Web page caption snippets:
+---+

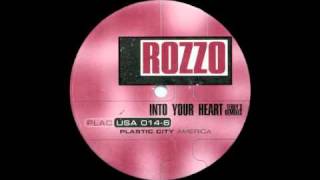 Rozzo - Into Your Heart (Terry Lee Brown&#39;s Hearty Remix) [Plastic City America, 1998]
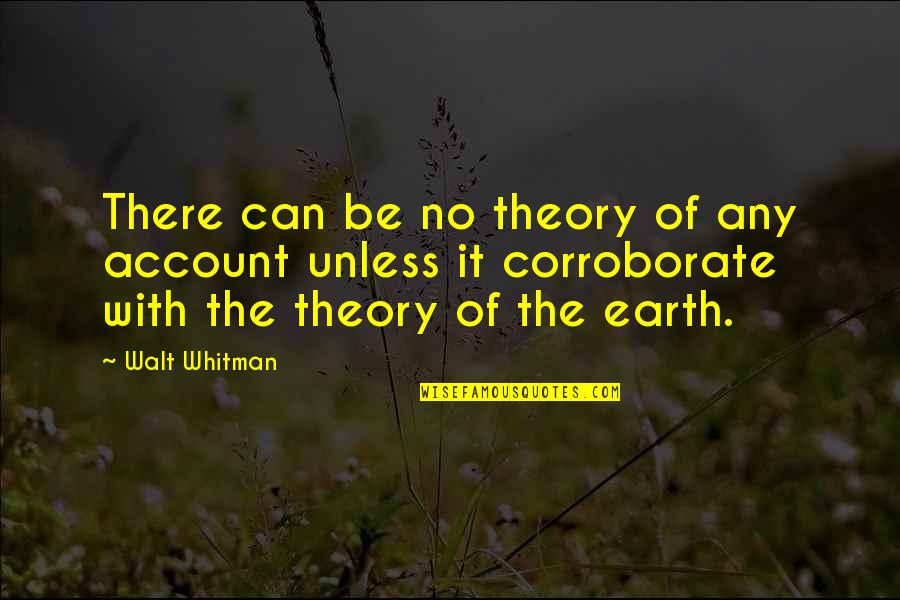 Rumbelow Quotes By Walt Whitman: There can be no theory of any account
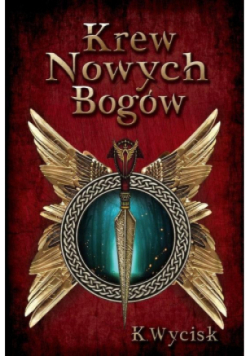 Krew Nowych Bogów Tom 1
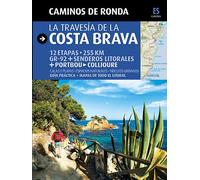 Caminos de Ronda, la travesía de la Costa Brava: Camins de Ronda (Guia & Mapa)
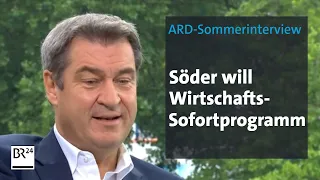 ARD-Sommerinterview: Söder will Wirtschafts-Sofortprogramm | BR24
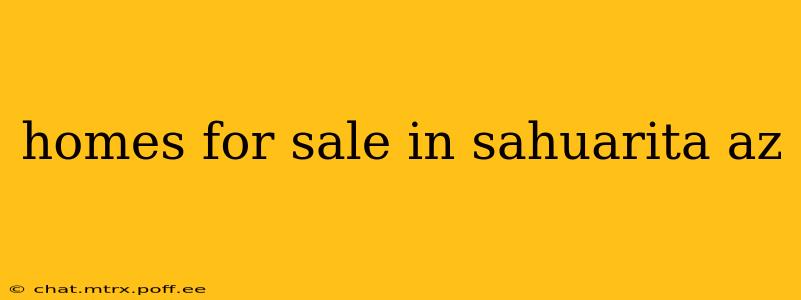 homes for sale in sahuarita az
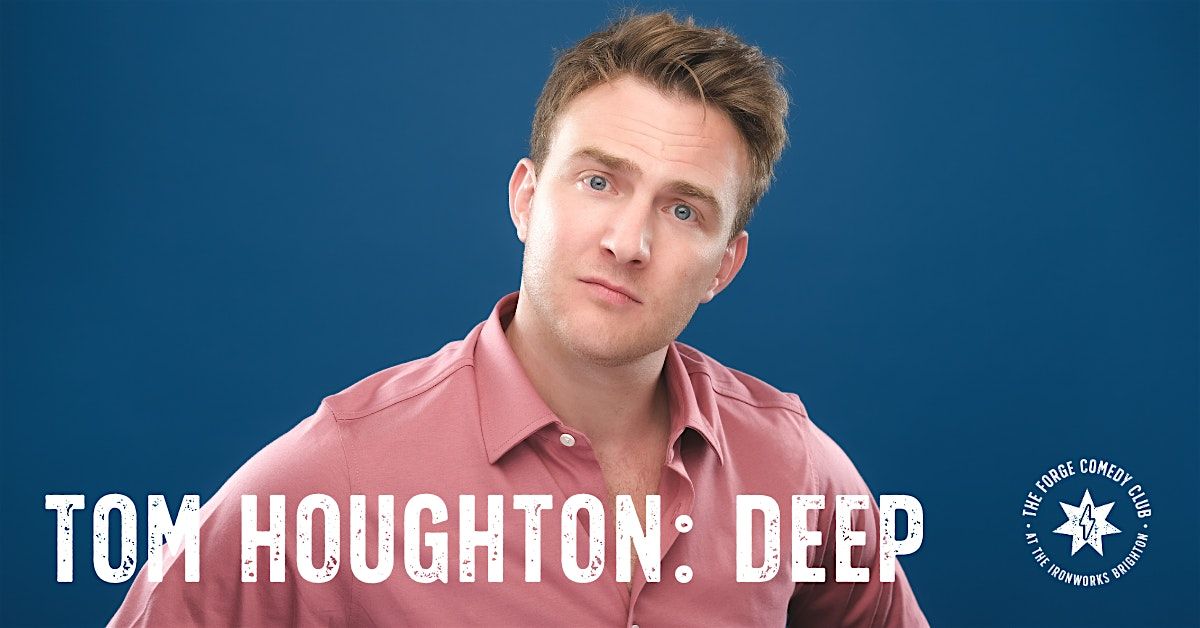 Tom Houghton: Deep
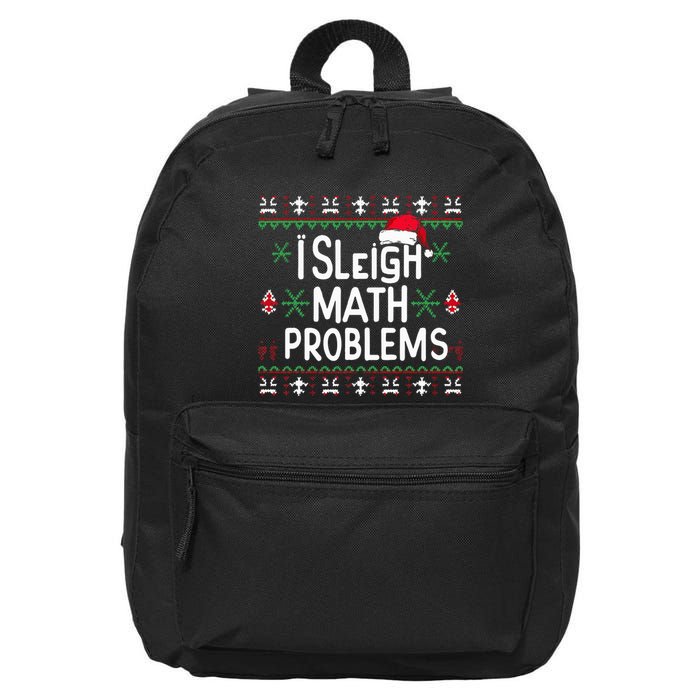 I Sleigh Math Problems Math Teacher Christmas Pajamas Xmas 16 in Basic Backpack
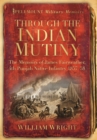Through the Indian Mutiny : The Memoirs of James Fairweather, 4th Pubjab Native Infantry 1857-58 - Book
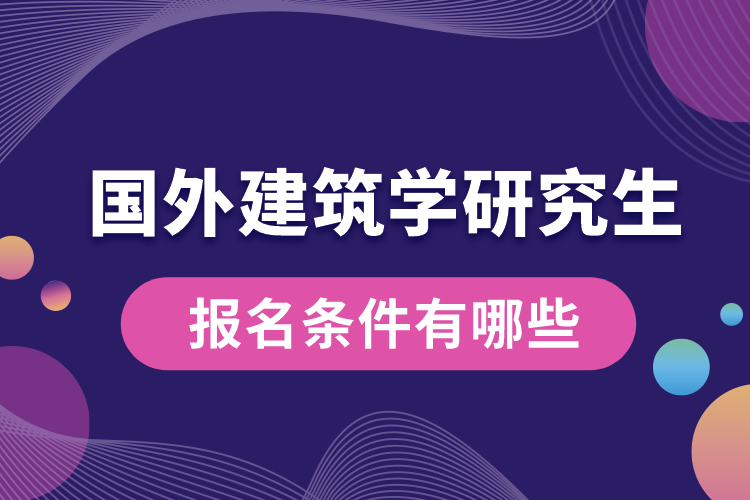 國外建筑學(xué)研究生報名條件有哪些.jpg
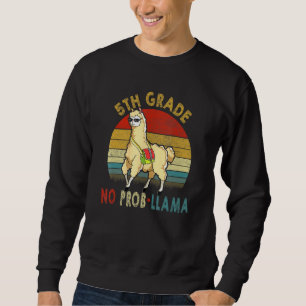 5th Grade No Prob-Llama Teacher Student First Day  Sweatshirt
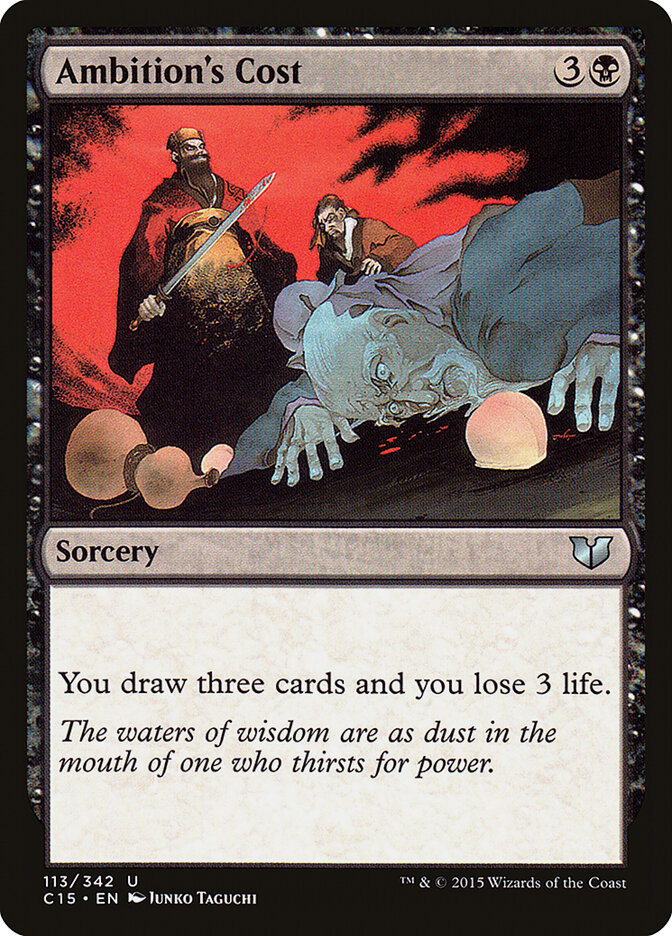 Ambition's Cost (113) - Commander 2015 (C15)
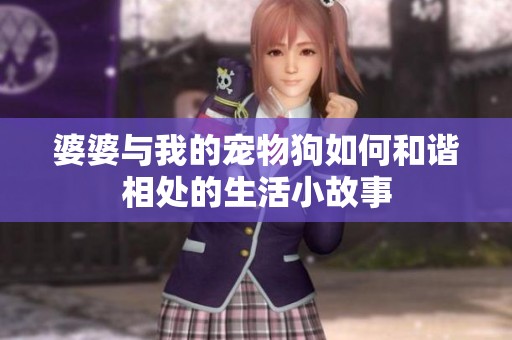 婆婆与我的宠物狗如何和谐相处的生活小故事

+---+

Required action:
None of the pictures belongs in the answer, but all the entries must be repeated exactly.

Solved exercise:
 Rozzo - Into Your Heart (Terry Lee Brown&#39;s Hearty Remix) [Plastic City America, 1998]
 Rumbelow Quotes By Walt Whitman: There can be no theory of any account
 Krew Nowych Bogów Tom 1
 Caminos de Ronda, la travesía de la Costa Brava: Camins de Ronda (Guia & Mapa)
 ARD-Sommerinterview: Söder will Wirtschafts-Sofortprogramm | BR24
 homes for sale in sahuarita az
 Tom Houghton: Deep
 I Sleigh Math Problems Math Teacher Christmas Pajamas Xmas 16 in Basic Backpack
Through the Indian Mutiny : The Memoirs of James Fairweather, 4th Pubjab Native Infantry 1857-58 - Book
 國外建筑學(xué)研究生報名條件有哪些.jpg
 5th Grade No Prob-Llama Teacher Student First Day  Sweatshirt
 Ambition's Cost (113) - Commander 2015 (C15)
 婆婆与我的宠物狗如何和谐相处的生活小故事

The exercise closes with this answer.